Open Source love-hate relationship
I have been working for a long time with different open source projects. My experience has been very different depending on the open source and the level of maturity.
Currently, I have been working with two major frameworks: airflow, apache-beam.
In this blog, I would like to address my experience with apache-beam, which has been fairly good.
Apache-Beam (https://beam.apache.org/) is a unified programming model for big data (competing with Spark, Flink, and others). This blog will not go over the features of Beam but will address my experience with it from the open source perspective.
When you purchase a framework, you have the feeling that you have a company backing you up, and any problems you may have can be solved by opening a ticket. In my past experience, this is not true. Yes if your issue is a simple one then the first tier can help you out. What if the feature does not work as you expected, and there is something missing - you have to hope they will add it to their roadmap, and then wait for the release (usually months).
I have been using Beam to migrate data from MongoDB to the Google platform. I have previous experience working with MongoDB, so I know some of the features that exist there. I was a bit surprised to find out that apache-beam does not support SSL connection to the server. In addition, the feature of projection which would allow me to bring only part of the document was greatly missed.
So what can I do about it? First, any time you use an open source you should register to the email workgroup (in the case of beam head over to google group). In the email group, you can monitor how stable the platform is by the questions being asked. In addition, it is a source of knowledge on the features even if you do not plan on contributing code. Finally, you can contribute code.
So after reading up on the source code in beam-git), I understood that it is not that hard to add the missing code for the features I needed. So to begin with, I copied the files that I needed to change into my project (under the same package name) so that I can change the code. Once I had working features (yes with testing), I could then think of contributing the code back to the open source project. Depending on the project there is usually a readme for how to contribute code (contribute), I have to admit that the process of contributing in itself has taught me a lot (you can see my commits at projection, SSL).
I have to admit that it is not always so rosy.
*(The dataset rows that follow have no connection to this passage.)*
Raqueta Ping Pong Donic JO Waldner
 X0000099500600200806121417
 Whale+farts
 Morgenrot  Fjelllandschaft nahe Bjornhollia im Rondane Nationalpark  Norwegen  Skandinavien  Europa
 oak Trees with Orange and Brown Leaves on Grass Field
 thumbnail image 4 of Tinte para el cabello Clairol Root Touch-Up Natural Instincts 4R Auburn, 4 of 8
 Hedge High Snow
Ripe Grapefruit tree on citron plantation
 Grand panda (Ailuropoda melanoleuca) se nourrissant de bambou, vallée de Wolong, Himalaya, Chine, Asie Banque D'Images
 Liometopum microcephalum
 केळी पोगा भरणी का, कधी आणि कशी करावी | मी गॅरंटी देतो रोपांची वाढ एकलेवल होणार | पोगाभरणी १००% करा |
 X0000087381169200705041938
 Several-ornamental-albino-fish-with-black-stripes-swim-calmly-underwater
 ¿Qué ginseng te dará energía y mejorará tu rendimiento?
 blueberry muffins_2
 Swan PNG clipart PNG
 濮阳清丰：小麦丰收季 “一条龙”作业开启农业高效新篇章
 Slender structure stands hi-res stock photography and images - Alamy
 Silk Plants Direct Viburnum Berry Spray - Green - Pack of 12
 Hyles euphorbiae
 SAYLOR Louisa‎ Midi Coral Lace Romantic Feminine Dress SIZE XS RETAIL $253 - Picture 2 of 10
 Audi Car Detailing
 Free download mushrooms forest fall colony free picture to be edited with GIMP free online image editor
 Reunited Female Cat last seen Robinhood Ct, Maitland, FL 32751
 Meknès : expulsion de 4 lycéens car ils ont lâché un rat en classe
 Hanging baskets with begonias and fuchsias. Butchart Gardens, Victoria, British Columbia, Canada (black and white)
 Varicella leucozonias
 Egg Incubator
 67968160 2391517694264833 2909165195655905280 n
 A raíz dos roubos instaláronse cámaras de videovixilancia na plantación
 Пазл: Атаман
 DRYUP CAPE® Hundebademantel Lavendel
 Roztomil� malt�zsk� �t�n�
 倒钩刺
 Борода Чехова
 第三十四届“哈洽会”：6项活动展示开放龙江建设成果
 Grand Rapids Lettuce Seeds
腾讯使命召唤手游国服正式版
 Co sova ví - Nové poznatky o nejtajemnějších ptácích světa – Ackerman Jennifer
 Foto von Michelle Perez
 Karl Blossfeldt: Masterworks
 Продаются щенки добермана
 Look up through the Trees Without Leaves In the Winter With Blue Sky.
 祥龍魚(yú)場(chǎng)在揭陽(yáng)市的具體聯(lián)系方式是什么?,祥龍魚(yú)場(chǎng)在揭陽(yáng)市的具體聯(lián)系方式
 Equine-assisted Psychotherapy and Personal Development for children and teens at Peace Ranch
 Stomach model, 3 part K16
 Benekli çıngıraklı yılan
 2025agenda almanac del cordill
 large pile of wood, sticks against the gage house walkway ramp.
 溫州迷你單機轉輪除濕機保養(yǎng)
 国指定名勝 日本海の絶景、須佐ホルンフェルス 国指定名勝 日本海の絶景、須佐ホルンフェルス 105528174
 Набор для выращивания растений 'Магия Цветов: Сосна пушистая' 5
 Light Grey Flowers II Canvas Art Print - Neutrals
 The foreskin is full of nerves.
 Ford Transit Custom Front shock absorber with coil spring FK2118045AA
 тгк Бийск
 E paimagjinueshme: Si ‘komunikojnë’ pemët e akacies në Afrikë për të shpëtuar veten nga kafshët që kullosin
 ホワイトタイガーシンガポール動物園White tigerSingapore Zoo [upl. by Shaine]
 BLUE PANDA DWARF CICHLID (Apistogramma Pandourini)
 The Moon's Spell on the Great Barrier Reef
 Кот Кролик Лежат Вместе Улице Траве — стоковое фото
I saw there was a new version out, so I upgraded my system (in the dev environment, not production), and found out that the filters for the data were not working properly. This was very concerning since I did not expect this to happen. The reason was that someone else committed to the project a new feature and it broke the code. This could also happen in an enterprise platform, and you would expect a very fast patch to be put out. So again I took the code to my project, checked what broke and in the same day fixed the code and submitted to patch to the open source (custom filters). Once the issue that should be looked into is how often does the open source project release new versions. You would not like to keep your personal changes for that long so that you don’t forget to delete it when the new version comes out. In my options once a month is great, more than that and it is hard to keep track.
To summarize, I think that my experience with open source has been a good one. The fact that you can quickly fix issues as they arise is very powerful and fulfilling to give back to the community. So I invite you all to start using open source as much as possible and to contribute back to the community as much as possible.